Seth just grinned. "You saw it, too," he said triumphantly.

"I saw what you'd expect of this sort of file."

"This sort of file?" Seth challenged. "It's a Jedi file. There aren't supposed to be this sort of file."

"They all had public accounts, set up through the Senate's Public Services Disbursement Committee," Keyt reminded calmly. "When the Empire was founded, the accounts were dissolved by Imperial Disbursements."

"With good reason," Seth muttered. "'Dissolving' is the polite word for what happened to the Jedi accounts."

"Yes, I remember," Keyt said in kind. "We had to register three thousand 'dissolution due to decease' forms for their accounts in the first week alone. What a nightmare."

It was not permitted to speak with any more sorrow or sympathy than that. It might be interpreted as Rebel sympathies and that could end badly. Still, those three thousand forms still made her gorge rise. She just couldn't mention it more concretely than that.

"But someone's been using his accounts," Seth said.

"Of course," she said patronizingly. "The Empire liquidated the Jedi assets and they've been used for everything from emergency rations to birth control pills for officers' wives."

"That's not what I mean," Seth protested. "You took a look at the accounts. What kind of Imperial sends funds to charities on Tatooine? Orphanages on Malastare? It doesn't make any kind of sense."

"It's Darth Vader," Keyt murmured in a low voice. "I don't care if he's paying off Hutts on Hoth. We're not going after him."

"Why not?" Seth challenged. "No Imperial should be exempt from the law.

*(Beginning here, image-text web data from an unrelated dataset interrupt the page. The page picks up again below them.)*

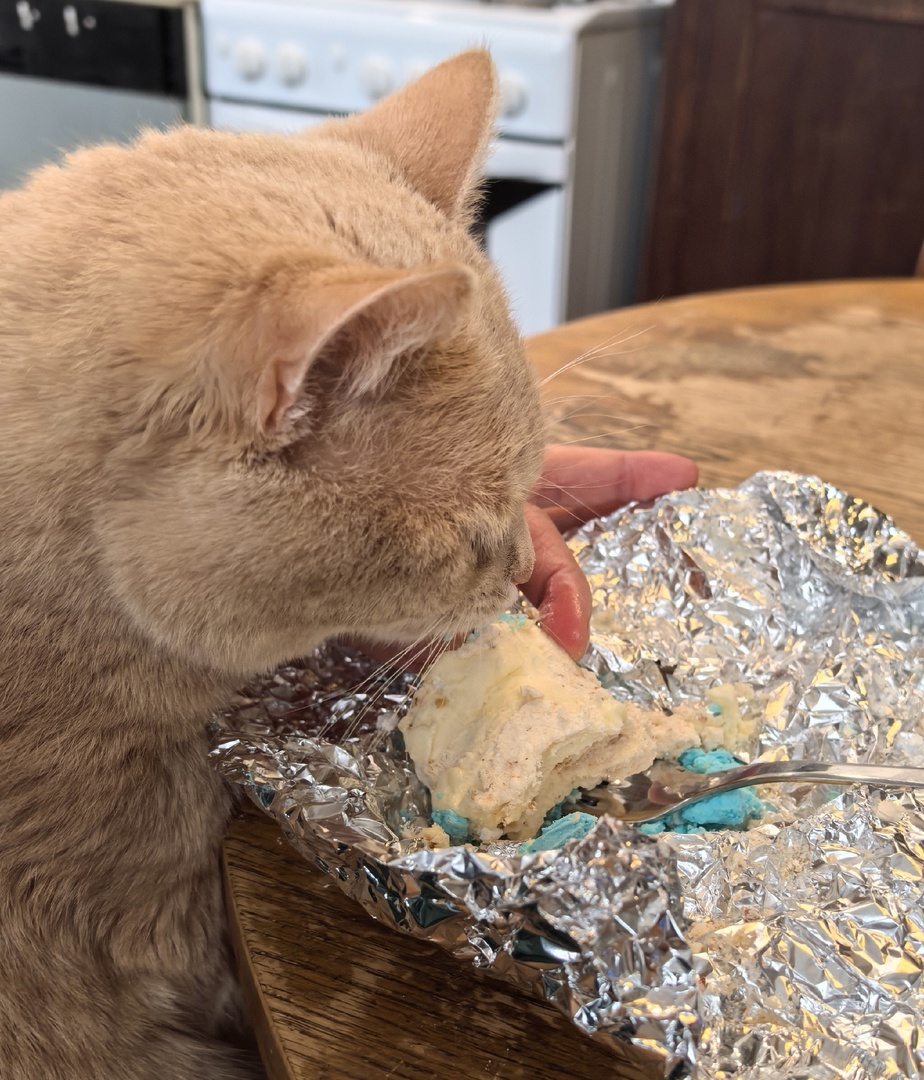 Нам с Максимкой недавно кусочек тортика перепал. Самолётик с большим удовольствием слизал с него крем. Сладкоежка маленький)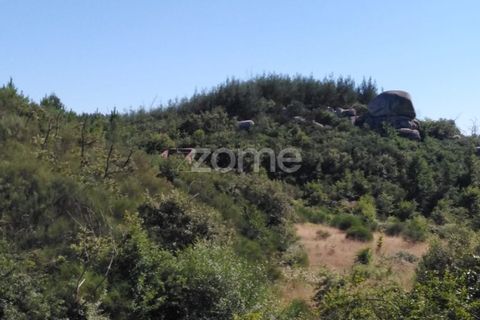 Tomt i Sameice e Santa Eulalia, Guarda, Sameice e Santa Eulalia - € 150 000 | Ref: ZMPT559066 - foto 7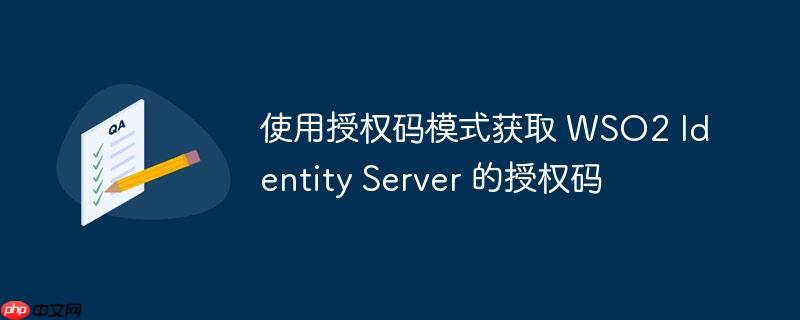使用授权码模式获取 WSO2 Identity Server 的授权码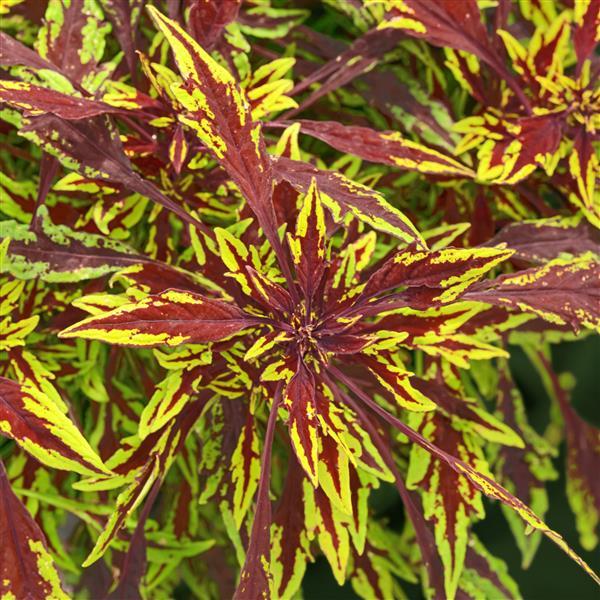 Solenostemon scutellarioides 'UF12-82-3' ~ FlameThrower™ Chipotle Coleus-ServeScape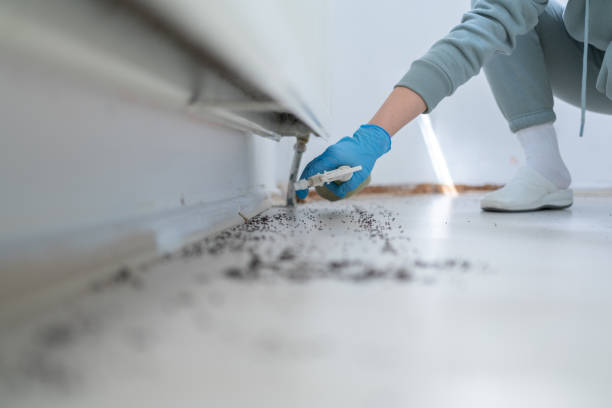 Best Pest Control Near Me  in Helper, UT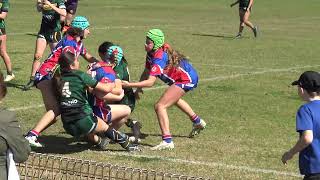 HIGHLIGHTS   U14 Girls Tackle  Preliminary FINAL  Gerringong V Stingrays  17th August 2024 [upl. by Ahsilla]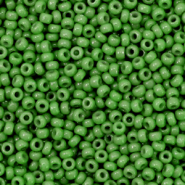 Miyuki seed beads 11/0 Opaque Green 11-411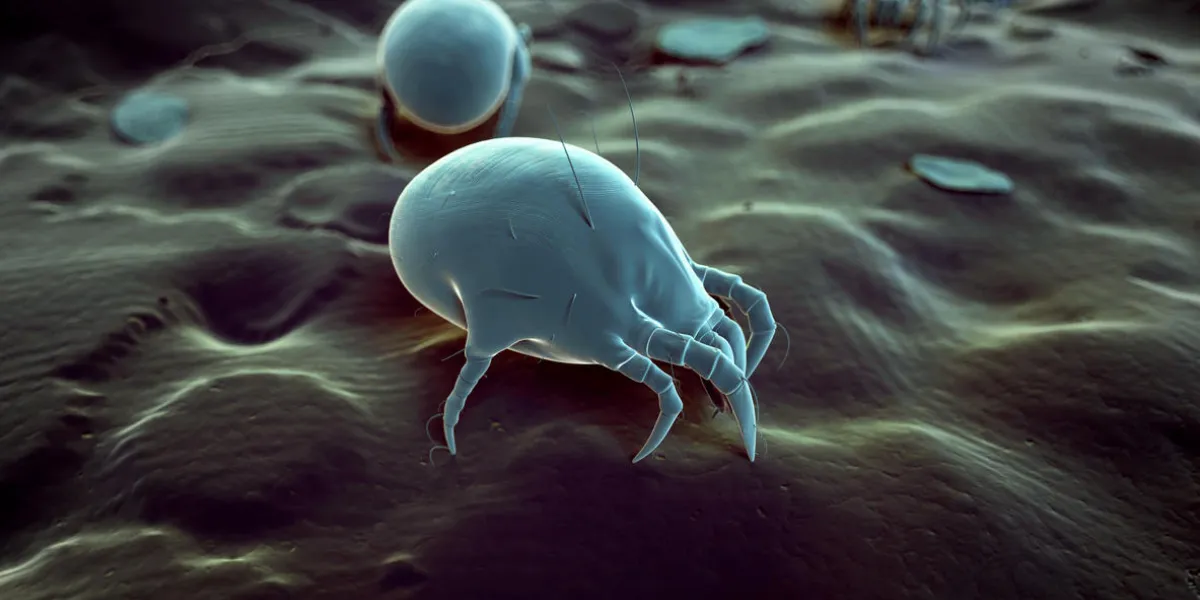 medical 3d illustration - typical dust mite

If we take him down for something as significant as identity theft and embezzlement, we can prove that the system works, even at the highest levels."

"We're not out to prove that," Keyt snapped. "We're not out to prove anything except that we take care of the Empire's funds the way we're supposed to. That means taking care of what's our business and keeping our noses out of what's not."

"Keyt," he blurted, "there was never any record of Anakin Skywalker's death."

"There was never any record of a Jedi death," she said flatly. "It would have attracted too much attention."

"But he was a hero of the Clone Wars," Seth shot back. "He would have gone down fighting if he went down at all."

Keyt rolled her eyes, but that was the polite response. She didn't even bother to argue with him.

"For all we know, he has every right to this money as the rest of our clients."

"Right?" she challenged. "He is a Jedi and an enemy of the Empire. We can reassign the assets to the proper Imperial authorities, but if we leave the account as is, we'll be enemies of the Empire as well."

"And what about Darth Vader?" he demanded.

He wasn't going to let this one go. It was worse than he thought. What she'd have to do now was to nip this in the bud herself.

"I'll handle a discreet inquiry," she promised, "and if something comes up, we'll let you know."

He looked at least mollified by that, even somewhat happy. "Thanks, Keyt. I knew I could trust you."

And with that, they headed to their respective cubicles for another day's work.

She could just see it now.

Dear Lord Vader,

Hate to bother you, but we have noticed that you have been accessing the funds of one Anakin Skywalker for the last five years. As you are not an authorized account manager, we have no choice but to investigate this matter. If you have been accessing these accounts in a fraudulent manner, be assured that we will prosecute you.

Please send proof of authorization to make withdrawals from this account or a DNA sample proving that you, yourself, are Anakin Skywalker...

It was too crazy to be true. There was nothing else to say about it.